The Passion of Jesus Christ in the Psalms


Then Pilate therefore took Jesus, and scourged him, John 19:1.

What is meant by scourging? Traditionalists point to Roman records wherein scourging is depicted as an utterly debilitating flogging with a cat o nine tails. In this scenario Roman soldiers would integrate pieces of bone and glass into their whips and attempt to flay the flesh off of their hapless victims who were tied with their hands extended over their heads. Yet when we search the New Testament for some type of confirmation of this, we come up short.

We know from the scriptures that after the scourging, Jesus Christ was still able to carry his cross at least part of the way to Calvary. Just how do we know that he suffered a life threatening scourging? After all, scourging was the punishment for a woman who laid with a man to whom she was not married, but whom the law found not as guilty as a normal adulteress because she was not free. And whosoever lieth carnally with a woman, that is a bondmaid, betrothed to an husband, and not at all redeemed, nor freedom given her; she shall be scourged; they shall not be put to death, because she was not free, Leviticus 19:20.

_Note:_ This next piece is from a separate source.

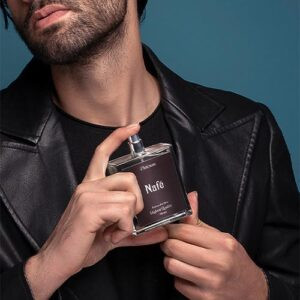 خرید و قیمت عطر پلاتینیوم مردانه نافه بیز در کرمانشاه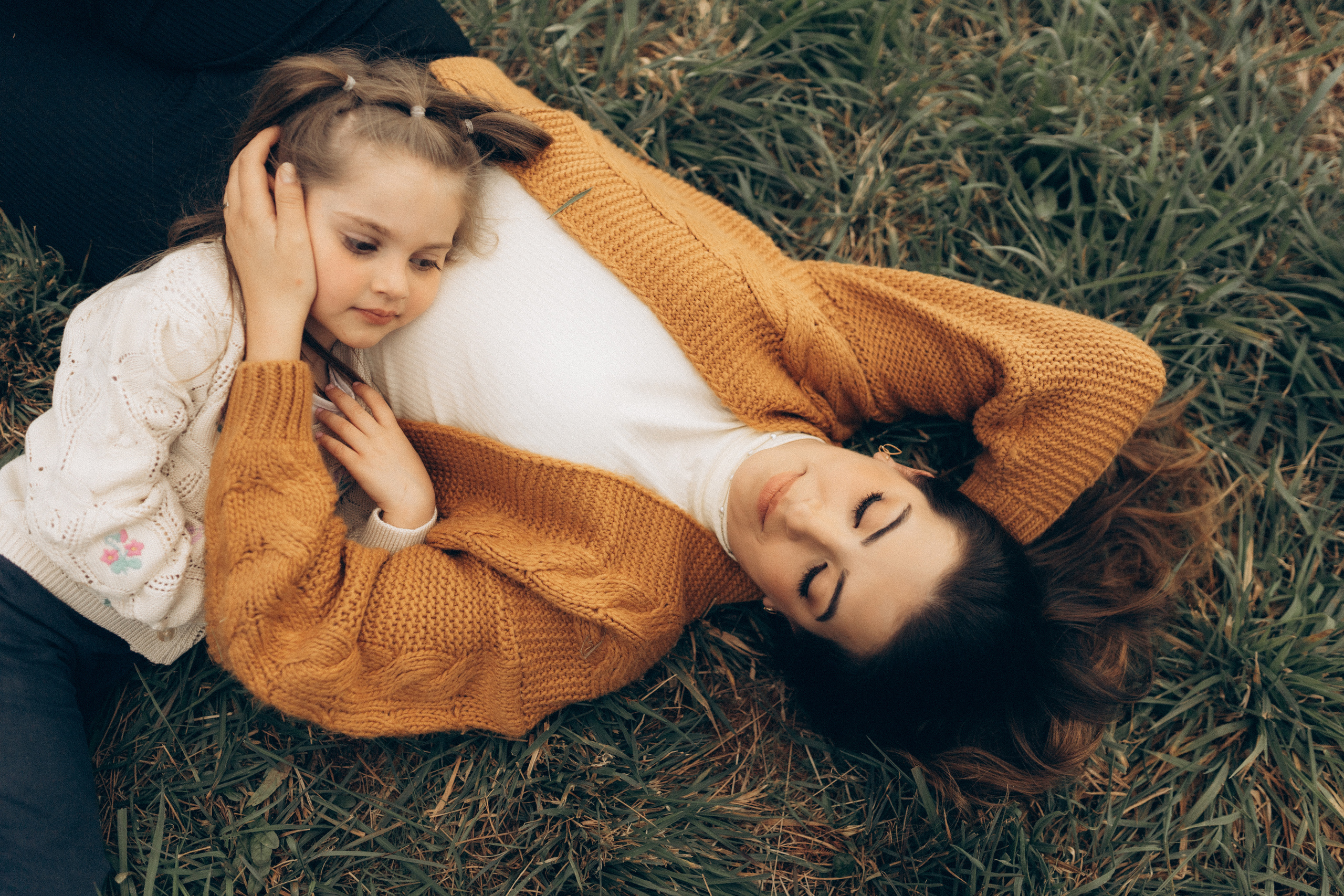Um pôr-do-Sol inesquecível. Lídia Cabral Fotografia | Fotógrafa de casais e famílias em Gramado RS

Are we to believe that God wanted this woman's skin flayed off of her back until her very guts were in danger of falling out? The English word scourge merely means to be flogged. How do we know that Jesus Christ received such a severe flogging?

If you have a brain in your head, you know by now that I am making up a crisis. It doesn't upset anybody's theology to believe that Jesus Christ received such a life threatening and debilitating whipping. Therefore they don't mince words when they hear tales of Roman scourging or try to explain it away with the Greek, but if they did, we have a source in the Psalms and in the law that would verify it.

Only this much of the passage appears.